Ninja has an array ‘ARR’ consisting of ‘N’ positive integers. He also has two positive integers ‘LOW’, ‘HIGH’ such that ‘HIGH’ >= ‘LOW’.

According to Ninja, a pair of integers (i, j) is considered beautiful if 0 <= i < j < ‘N’ and ‘LOW’ <= (‘ARR[i]’ XOR ‘ARR[j]’) <= ‘HIGH’.

Ninja wants to count beautiful pairs in ‘ARR’. Find and return the number of beautiful pairs in ‘ARR’ on behalf of Ninja.

Note:

1. Consider 0 based indexing in ‘ARR’.

Input Format:

The first line contains a single integer ‘T’ representing the number of test cases. 

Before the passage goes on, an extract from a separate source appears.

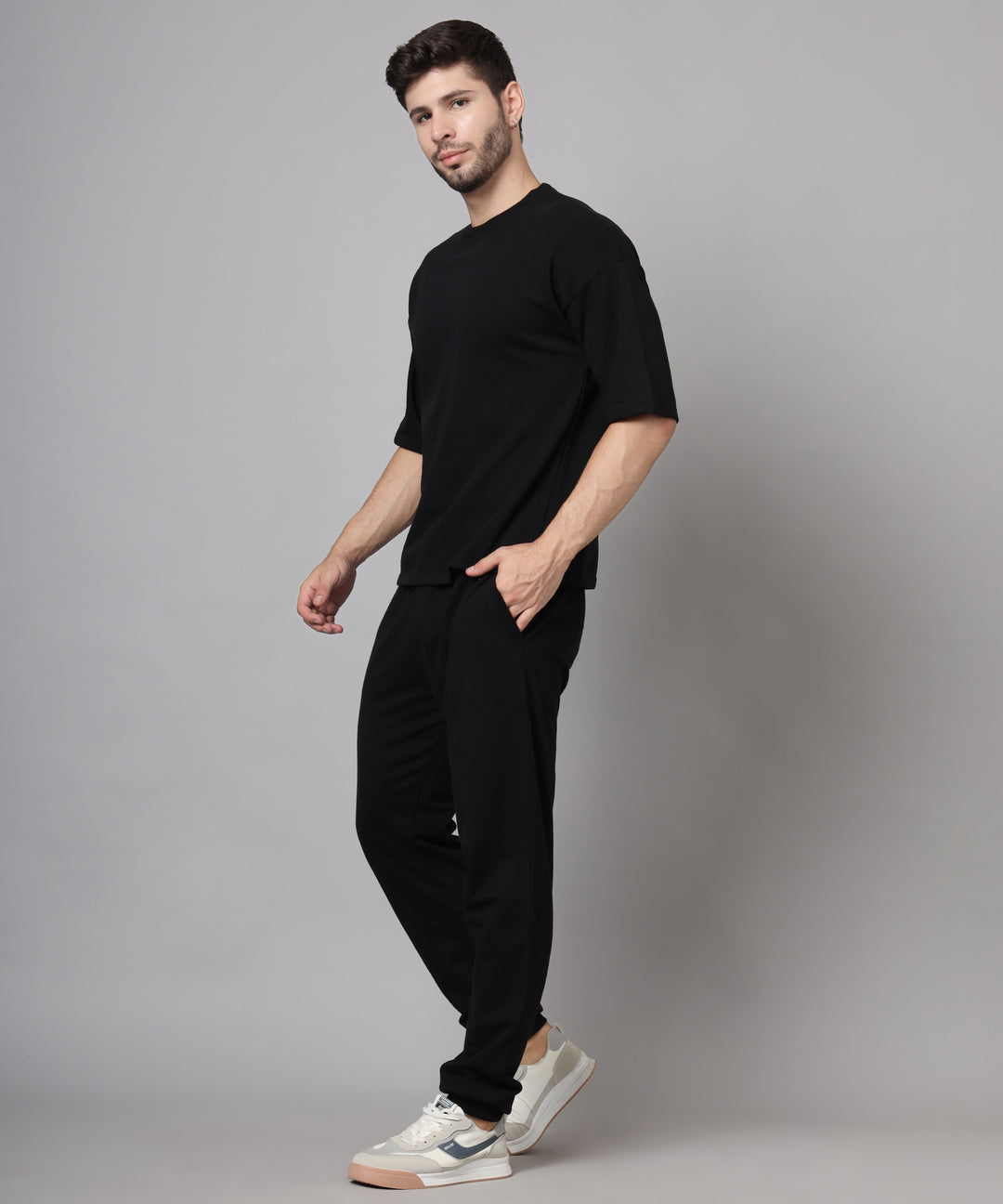 Flicksbee Plain Co-Ord Sets For Men Black 02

The first line of each test case will contain three space-separated integers ‘N’, ‘LOW’, and ‘HIGH’ respectively representing the size of ‘ARR’ and the two integers that Ninja have between which the xor of every beautiful pair must lie.

The second line of each test case will contain ‘N’ space-separated integers representing array/list ‘ARR’.

Output Format:

For each test case, print a single integer representing the number of beautiful pairs in ‘ARR’.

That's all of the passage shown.